16 Dicembre 2010 alle 5:48 am
Ci risentiremo il 26/12, auguro un Natale semplice e silente e un anno in cui esista solo e sempre qui ora.
Kinga shinnen.
16 Dicembre 2010 alle 10:46 am
Ciao Nello, grazie. Auguri anche a te.
16 Dicembre 2010 alle 11:15 am
Dario 33. L’utilizzo dell’articolo della Tobagi deriva dal suo legame con una realtà che mi pare inconfutabile. Il passo successivo è: possibile che i buddisti, gli zen, con tanta voglia di pontificare, insegnare, aprire centri, far vedere quanto sono bravi, illuminati e svegli non sappiano dire una cosa che fanno tutti i giorni cento volte al dì, ovvero: come si distingue il bene dal male? Su quali basi appoggiamo (appoggi, appoggio) la nostra etica? Senza affrontare questo punto “dirsi”, “sentirsi”, “viversi” come buddisti è aria fritta.

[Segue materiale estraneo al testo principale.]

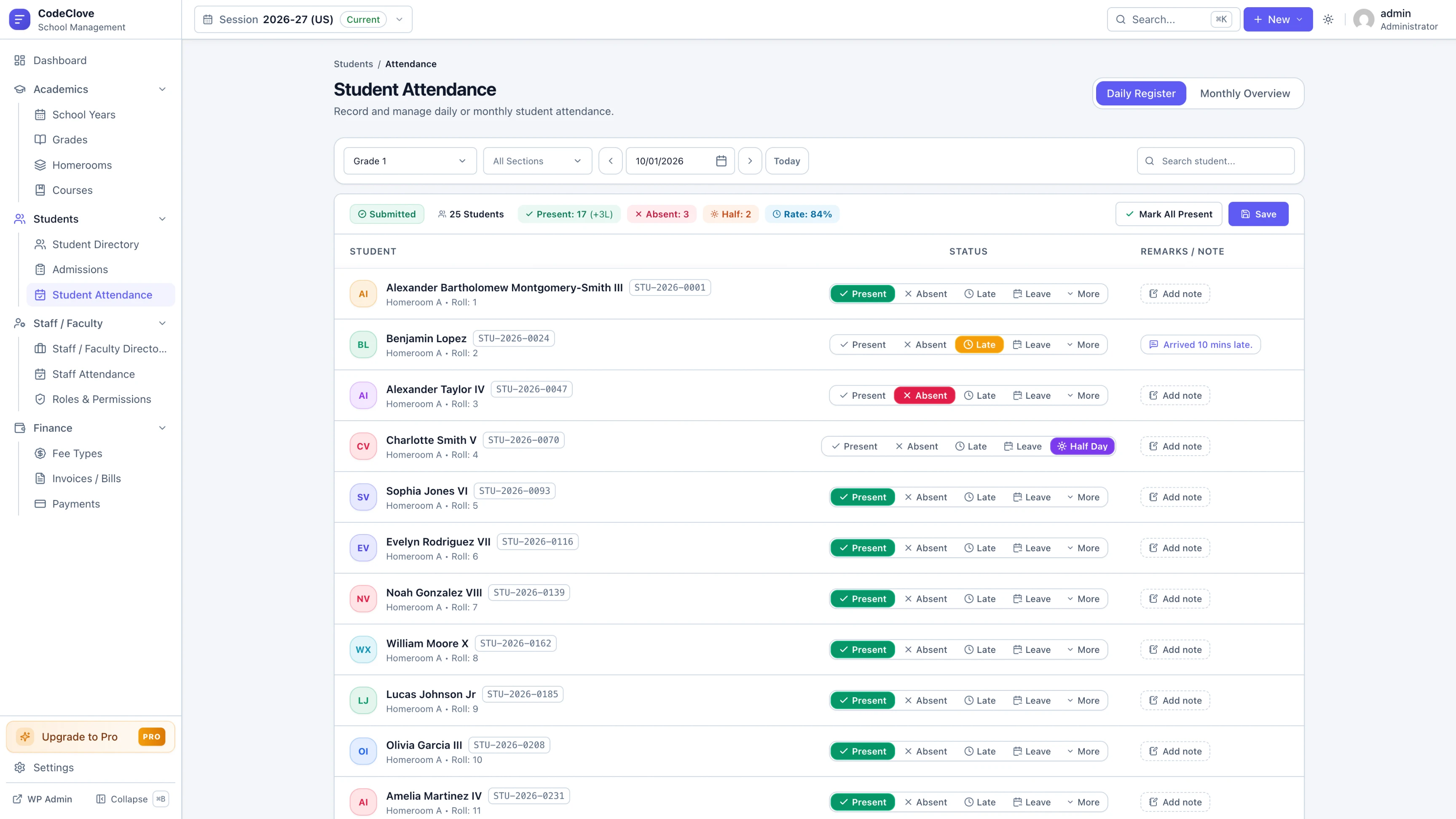 Daily attendance register — one-click marking with Present, Absent, Late, and Excused statuses.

18 Dicembre 2010 alle 4:09 am
@39
avevo scritto qualcosa dopo giorni di sofferta riflessione sulla tua domanda (domanda che mi tormenta da lungo tempo)… ma poi nn capisco cosa è successo e tutto quel che avevo scritto è sparito. La cosa mi ha depresso 🙁
Me ne vado a dormire cercando tra i sogni una spiegazione. forse il blog ormai mi riconosce e mi espelle direttamente. sappi cmq che la tua questione non mi molla e apprezzo che tu l’abbia posta. ciao
18 Dicembre 2010 alle 11:04 am
Ciao AHR, non ti arrendere. Se il tuo commento è perso nel vento quel tipo di problema (in un certo senso eh! Nello posa la clava) è ancora lì.